Trac #17048: Faster Posets.RandomPoset

Nathann Cohen wrote on another ticket:

"This code could be seriously rewritten, though. In two different ways:

1) Assume from the start that 0,...,n-1 is a linear extension, and only
add edges i,j with i<j. With this you don't have to call
`is_directed_acyclic` every second (and this is the bottleneck of the
implementation). At the end, relabel everything randomly so that the
linear extension is random, too

2) Work directly on the Hasse Diagram. Build the random Poset on n
elements from a poset on n-1 elements:

Consider all minimal elements `m_1,...m_c` of the previous digraph and
add the edges `m_i,n` with probability `p`. If some edge `m_i` was not
added, consider the immediate predecessors of `m_i` and do the same with
them.

This second way to build them benefits from the transitivity of posets.

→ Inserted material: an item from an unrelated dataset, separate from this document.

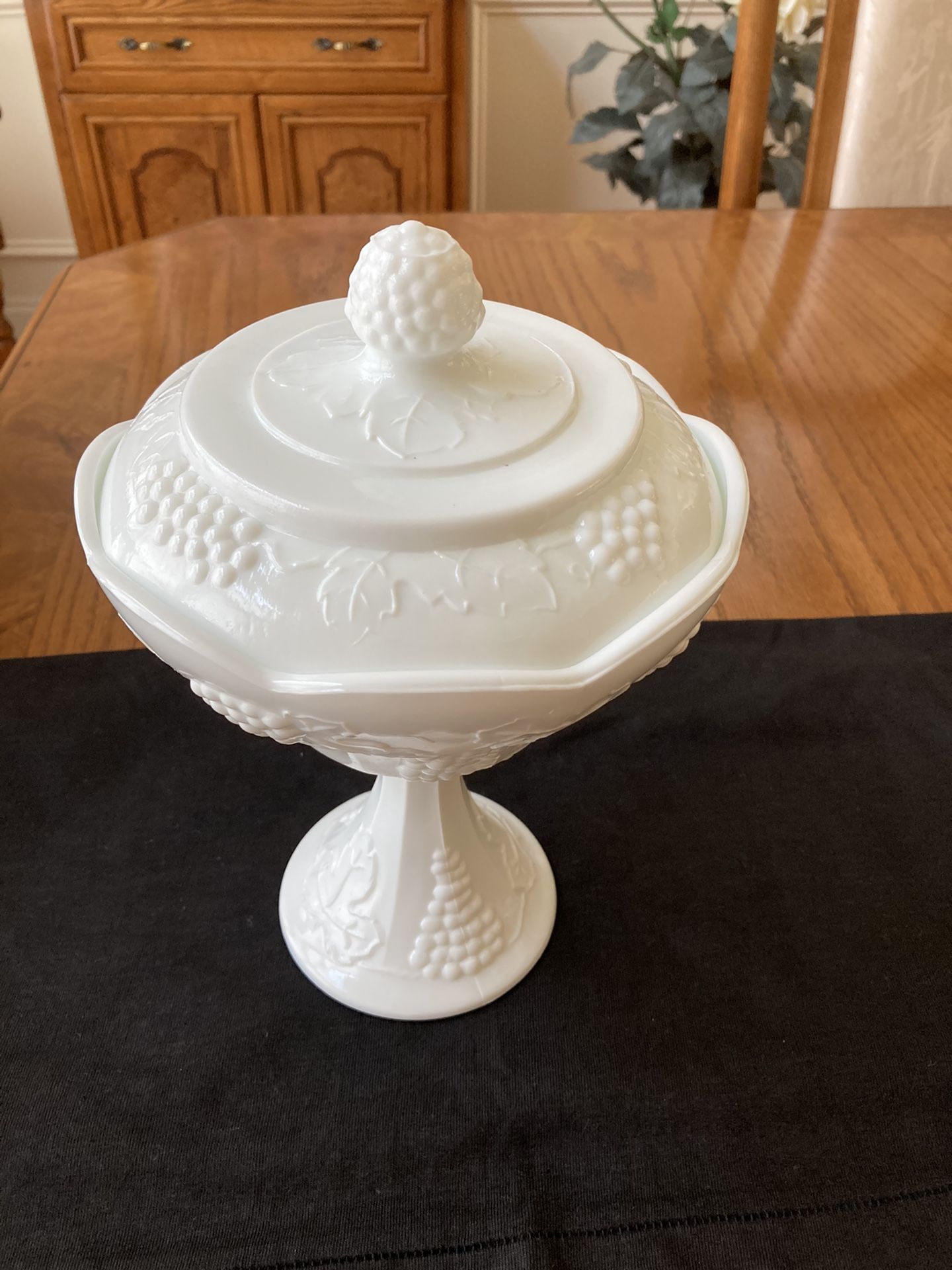 Vintage Milk Glass Pedestal Candy dish w/lid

The last algorithm was mentionned by Florent and Nicolas to which I
asked the question. They seemed to think that this generation of random
posets was not standard, and that we could change it a bit if we like,
i.e. without caring if by changing the algorithm we change the
distribution of posets. It seems that it is only there to provide random
posets for computer tests, with no specific property in mind."

I add this on wishlist-milestone, so that I don't forget it totally. I'm
not going to code this at least for release 6.4.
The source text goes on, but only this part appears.